Like many other Millennials, I am constantly asking myself the age-old question, “Who am I?” Am I a woman? Am I an American? Am I a Guatemalan? Am I a student? A daughter? A sister? A lover? A friend? My road to self-discovery had been a turbulent one during my college years trying to answer those questions but now as I try to maneuver past the crux of a problem, the better question of character rather than trivial details come to mind, “Who do I think I am?” Am I strong? Am I fearless? Persistent? Committed? Brave? The beauty of the climbing community is that everyone is incredibly over-the-moon supportive of one another and their answer to all my questions was, YES! With practice I have gotten mentally stronger where in times of doubt, it becomes easier to remind myself that the body achieves what the mind believes.

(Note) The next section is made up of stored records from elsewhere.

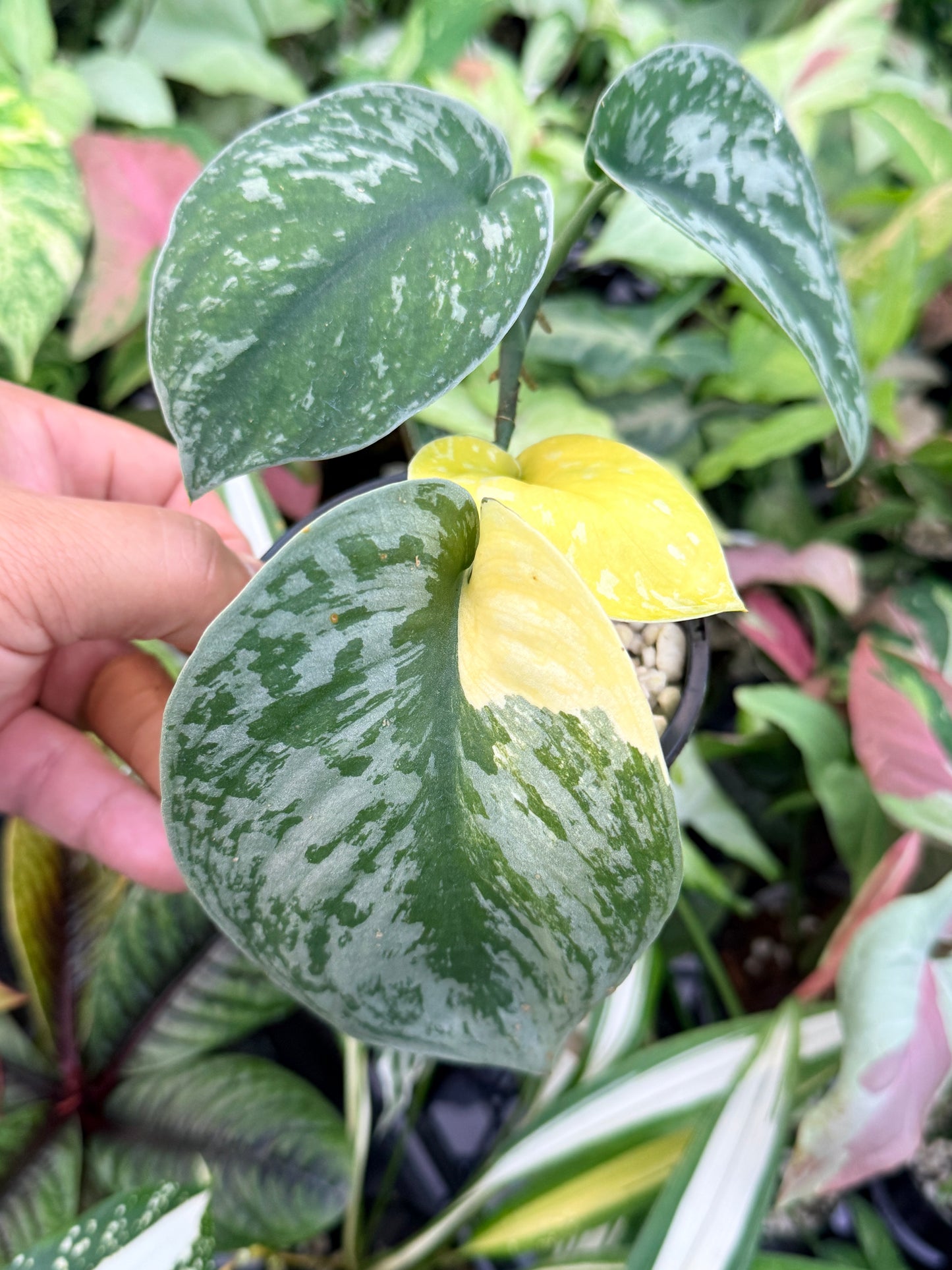 Scindapsus Pictus 'Mayari Aurea' K46
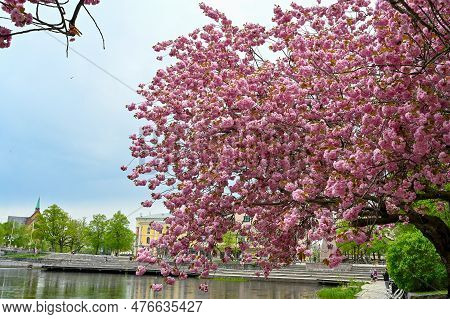 Japanese Cherry Trees In Orebro City Center Orebro Sweden May 15 2023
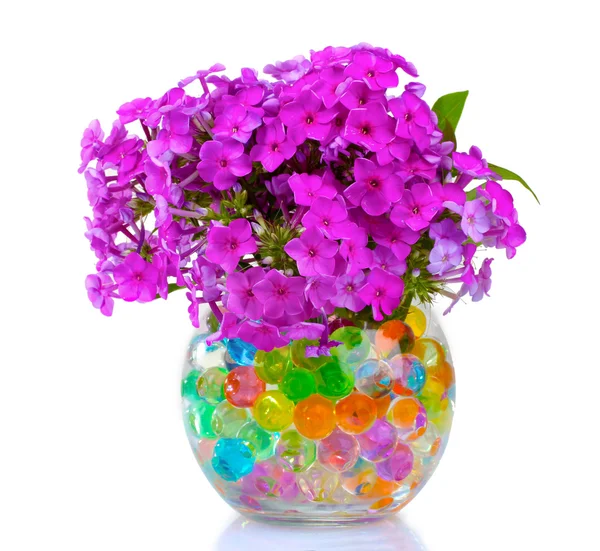 Beautiful flowers in vase — Stock Photo, Image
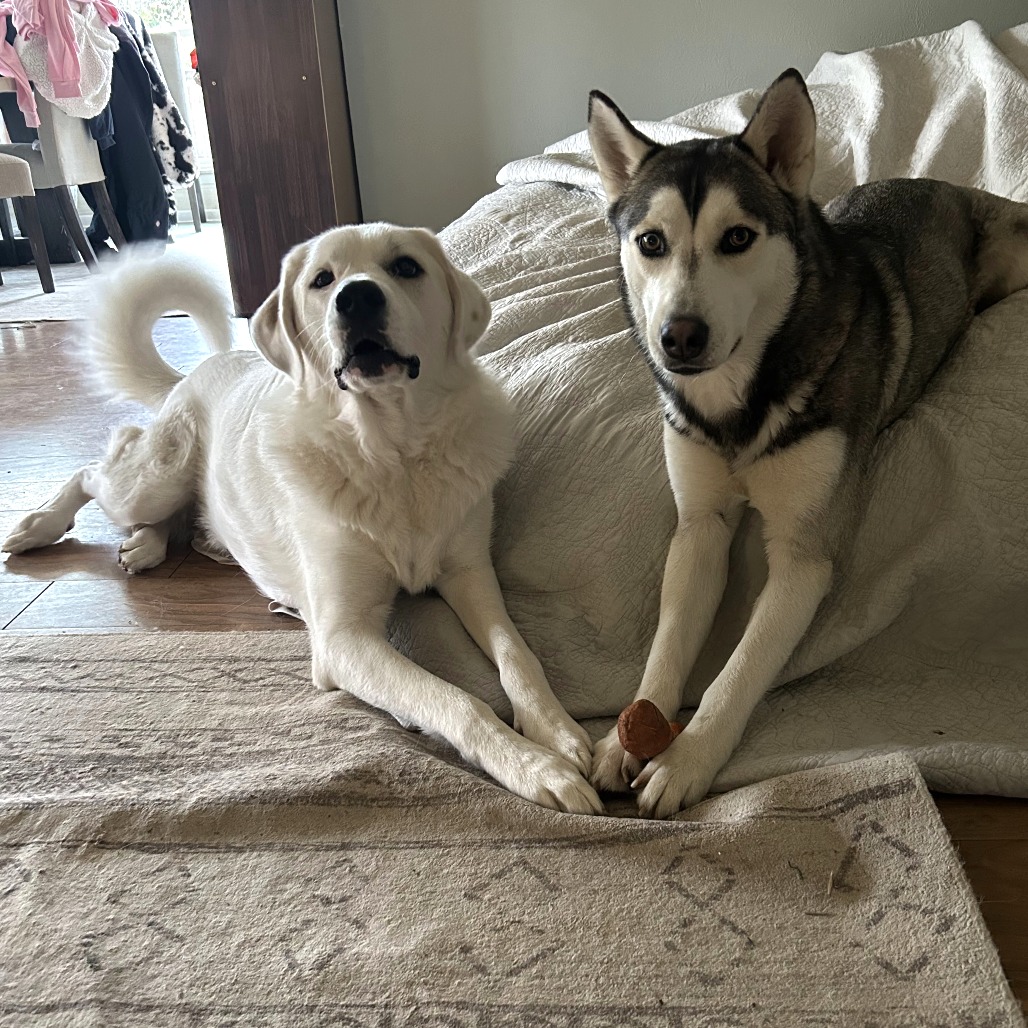 Kai, photo 8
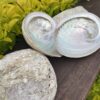 Sacred Cleansing: Natural Abalone Smudging Shell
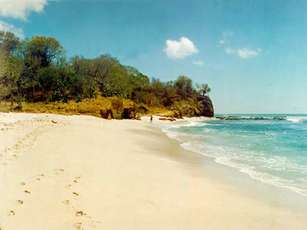 Riviera Nayarit y CPTM lanzan campañas en línea de forma conjunta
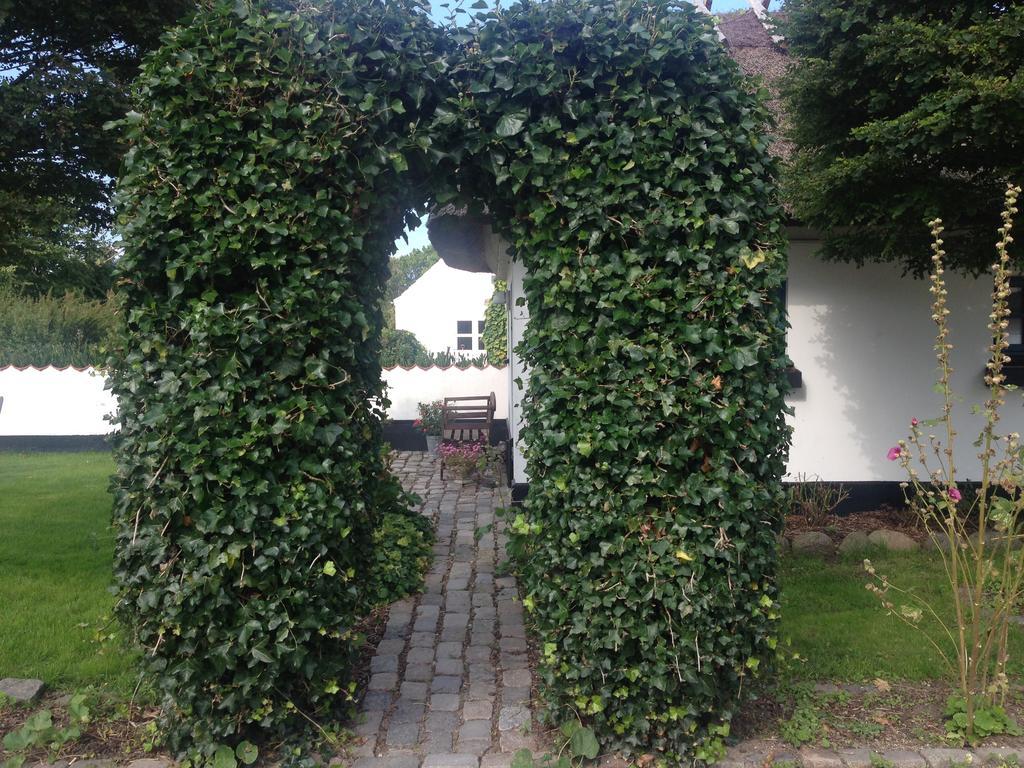 Hostal Rane Ladegaard Ebeltoft Exterior foto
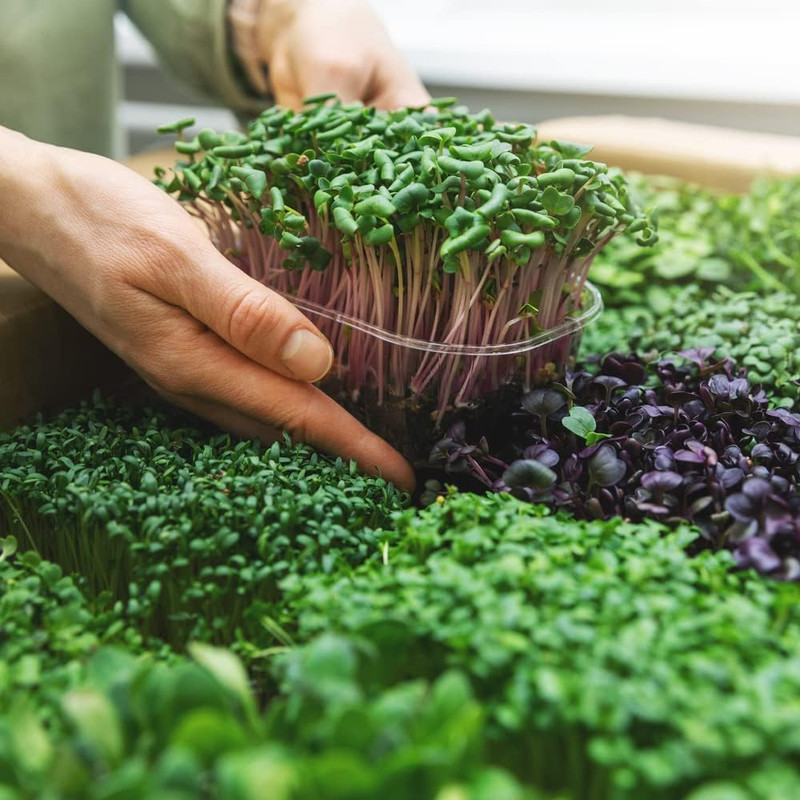 Microgreens Variety Pack (10 Varieties, 2 LBS+, Cabbage, Broccoli, Beet, Radish, gallery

…It becomes easier to remind myself that the body achieves what the mind believes.
There are moments though where no matter how hard I believe I can overcome a crux, it’s just doesn’t happen. Staring at the wall as I come off it I can only ask, “how did I get to this point? And do I want to continue though I’m filled with much doubt?” In the earlier points of my climbing experience it was a bad habit of mine to look around me and compare myself to others. “She’s better than me, she’s better than me, he’s better than me, those kids over there are better than me…” The list was endless and so was my anxiety about becoming a better climber. Better- I wanted, needed, had to become better. Why? Because I felt that everyone around me could see how little I was achieving. I had made my climbing about everyone else but me. That’s where I stayed for almost half a year and of course during that time I made no progress with my climbing. I just kept coming off the walls unsure of how I got to this point in my climbing where there was very little of it happening.
It’s not a race. That has always been the hardest concept for me to grasp and not because I want to be the better than everyone else but because I don’t want to get left behind. It’s not a race. That has always been the hardest concept for me to grasp because it has always been too easy for me to compare myself to others. It’s not a race. It’s not a race. It’s not a race. It’s about me. I need to climb for myself because nobody else will. I need to climb for myself because I am the only one who can make it happen. It was only with this shift in mentality that I was able to get past my early beginner’s plateau; but as I continue to make progress, I still ask myself the same tough questions I faced that first day on the wall. This is who I am now. This is how I got to this point. I will always continue, even in times where I am filled with much doubt.